E infra l’altre avarizie che il ditto maestro Pace facea, si era che non tenea fante neuno. E più volte essendo da’ suoi amici ripreso della avarizia che in lui regnava, e massimamente di non tenere — uno suo pari — uno o du’ cavalli con uno fante almeno, lui rispondendo che non potrè’ cavallo tenere che più di fiorini xxx l’anno non gostasse, e il fante, senza le spese, di salario almeno fiorini xv converè’ pagare, si che più di c fiorini ogn’anno spender li converrè’; dicendo che cavallo non bisognava, però che quando bisogno fusse che ad altri convenisse fuori di Pisa andare, che tale per bisogno il cavallo e ’l fante li presterè’, e per Pisa pogo si curava di cavalli né di fante però che sempre il garzone dello speziale non li verrè’ meno: «E meglio è che io mi guadagni l’anno quello che i cavalli e ’l fante consumassero, che tristamente spender li fiorini c l’anno, per serbarli a chi bisogno n’arà». Li amici, che odeno quello che maestro Pace dice, cognoveno di vero che l’avarizia lo movea a tenere tali modi; diliberonno più di tali cose non ragionarne, lassandoli fare denari a suo modo.

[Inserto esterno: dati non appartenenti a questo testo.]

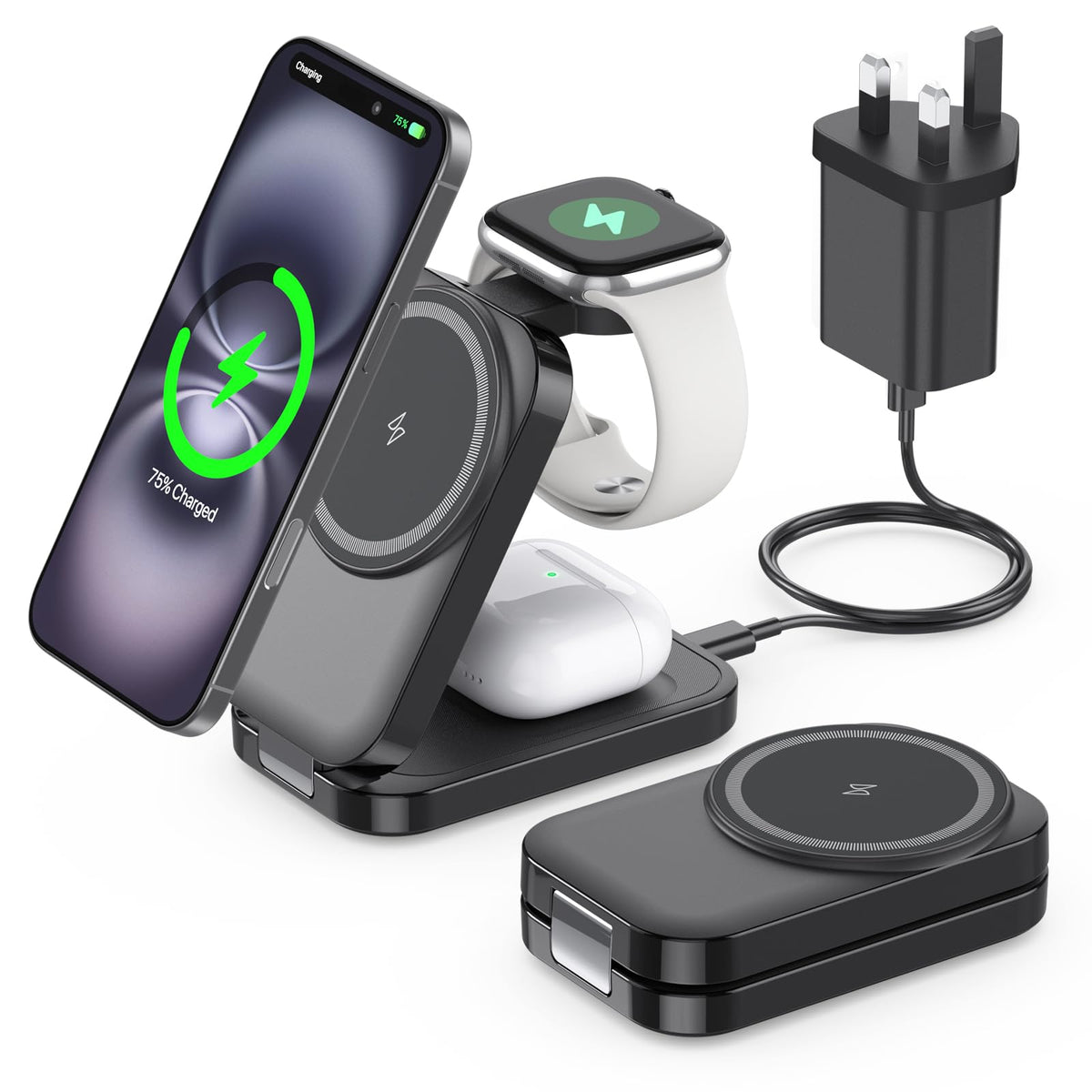 3 in 1 Wireless Charging Station for Apple,Foldable Magnetic Wireless Charger,15W Fast for MagSafe Charger Stand for iPhone 17/16/15/14/13,for Apple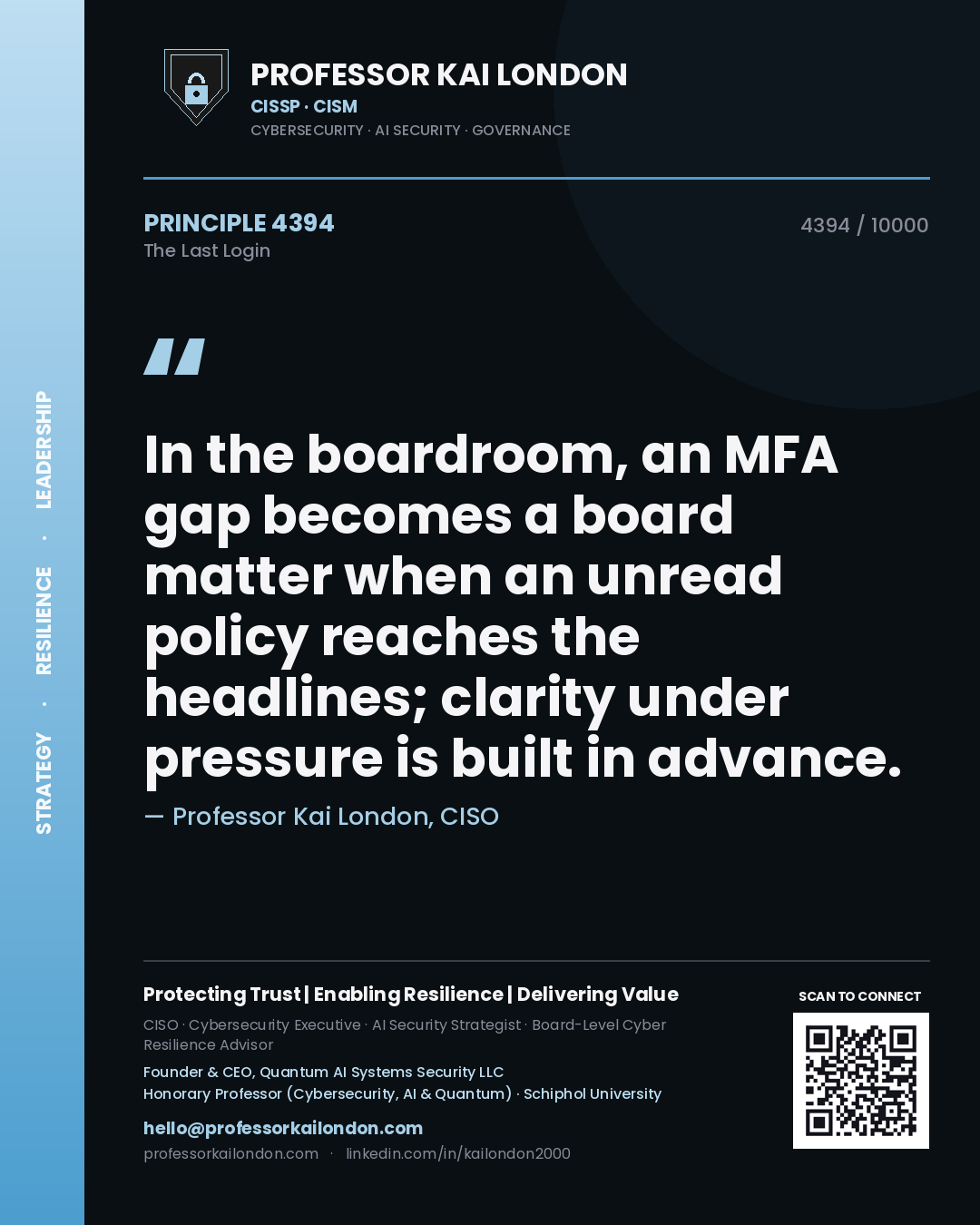 Quote card by Professor Kai London reading 'In the boardroom, an MFA gap becomes a board matter when an unread policy reaches the headlines; clarity under pressure is built in advance.'. From the book The Last Login.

E tanto creve il guadagno del ditto maestro Pace che più migliaia di fiorini guadagnati ebbe. E crescendoli i denari li crescea l’avarizia, intanto che per tutto Toscana era sparto la novella che maestro Pace era ricco a fondo et era avaro più che Mida, che del suo vedere sì potea ma non toccare.

E dimorando per questo modo, certi omini atti a rubare, del contado di Raganato, soldati del comune di Firenza, avendo sentito quanto maestro Pace da Pisa era ricco et avaro, diliberonno con un bel modo gran parte della sua robba avere. E dato tra loro ordine del modo, come merendanti si vestiron e per la via di Siena a Pisa cavalcaron onore vilmente vestiti <come> omini d’un medesmo luogo nati. E giunti in Pisa et allogiati all’abergo del Cappello a l’Aia, quine u’ a l’oste disseno che li facesse star bene ad agio, dando suono d’esser mercadanti di molte mercantie, l’oste, che onorevili e con buoni cavalli li ha veduti, e per lo buono pagamento, li facea ben godere.